A iniciativa vem num momento em que o GPA precisa fortalecer sua bandeira mais premium, o Pão de Açúcar, que acabou negligenciada nos últimos anos com o avanço do atacarejo e das lojas de bairro.
Num segundo trimestre de bons resultados para o grupo, o Pão foi o destaque negativo, com o faturamento em queda de 1%, e a direção já sinalizou que vai focar na bandeira, reformando suas 15-20 maiores lojas nos próximos trimestres. (O Pão tem 185 lojas.)
Além dos descontos, a ideia do aplicativo é melhorar a experiência de compra. Em breve, os apps devem ganhar funções que mostram o mapa das lojas, apontando onde fica cada produto e categoria, e uma ‘fila virtual’ em que o cliente pode agendar a hora que quer passar no caixa para evitar as filas.
O app muda também a equação das estratégias promocionais que fizeram com que a bandeira Extra retomasse o fôlego nos últimos trimestres, após anos comendo poeira do Carrefour.
Um dos pilares da revitalização do negócio de hipermercados foi a promoção ‘1, 2, 3 passos da economia’, com descontos de 20% na compra da primeira unidade, 50% na segunda e a terceira de graça — que se provou acertada, mas à custa de rentabilidade.
O custo dos descontos era normalmente dividido entre o Extra e o fornecedor, numa conta em que o volume de vendas compensa a perda de margem. Agora, o GPA está usando o app como uma ferramenta para rever sua agressividade promocional e melhorar a relação com os fornecedores.
Segundo Camargo, a demanda do ‘Meu Desconto’ por clientes do Extra vem surpreendendo. Nos primeiros dias após o lançamento, a maior parte dos downloads acontecia por clientes do Pão de Açúcar — de mais alta renda e, portanto, mais habituados aos apps e a programas de fidelidade.

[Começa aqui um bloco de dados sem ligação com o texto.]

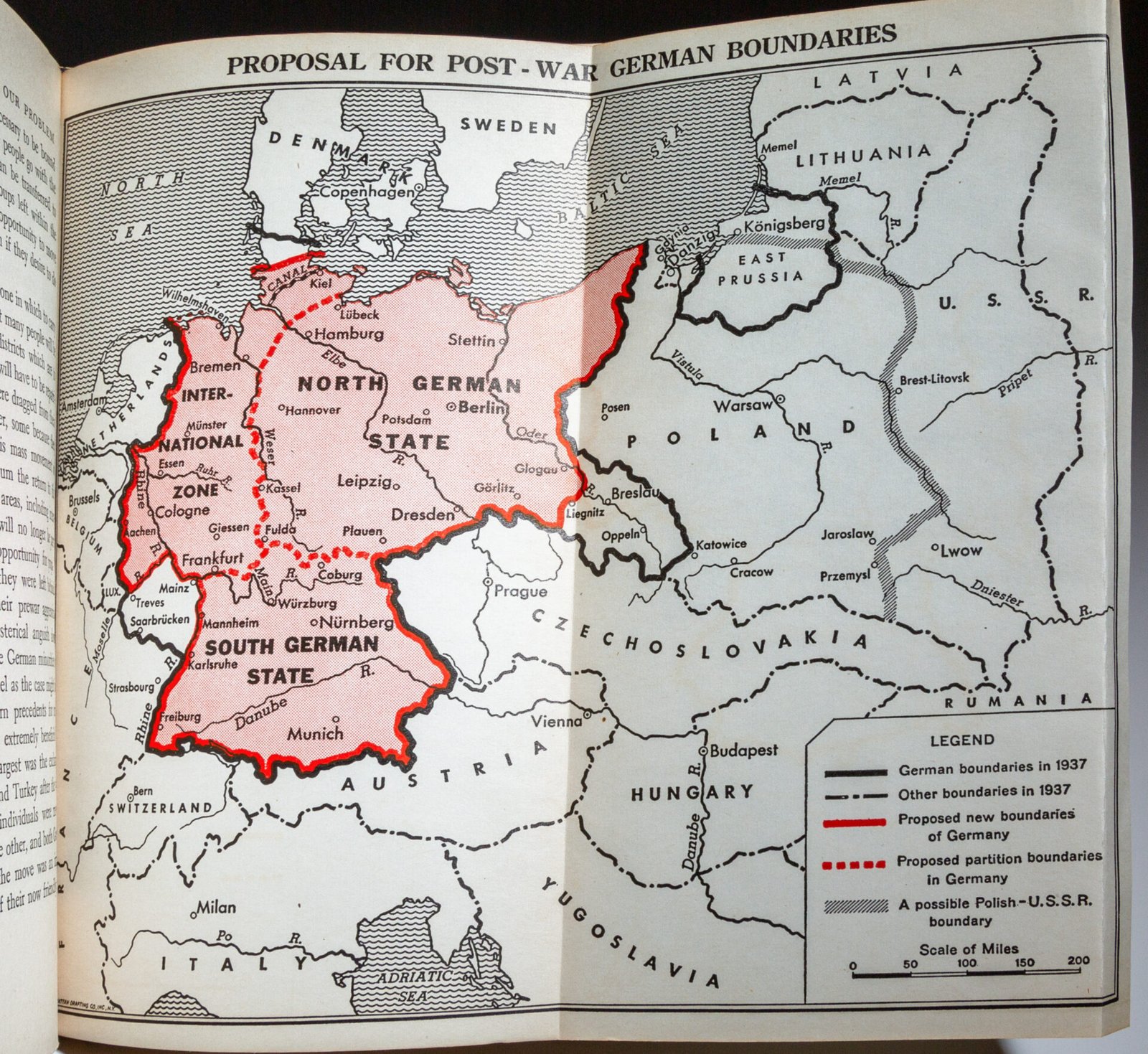 un livre ouvert avec une carte de l'allemagne.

Conforme as ofertas foram circulando, via campanhas publicitárias e no boca a boca, a balança se inverteu, e cerca de 65% dos downloads agora são feitos por clientes do Clube Extra.
No Extra, o clube de fidelidade é mais recente, apenas de 2013, e soma cerca de 7 milhões de clientes. Já o ‘Cliente Mais’ do Pão de Açúcar foi lançado há 17 anos, quando programas de fidelização eram quase exclusividade das companhias áreas, e hoje tem mais de 4 milhões de usuários.
O desenvolvimento do aplicativo e do sistema levou cerca de seis meses. A ideia do ‘Meu Desconto’, nascida no Brasil, já foi apresentada na França e em breve deve ser replicada por outras empresas controladas pelo Casino.
E quando a concorrência decidir replicar? “Estamos na frente, voltando a ter aquela pegada de inovação que pautava o GPA. É a evolução do varejo: no mundo da informação, não dá mais para ter aquele ‘black box’ com o fornecedor como era nos anos 80.”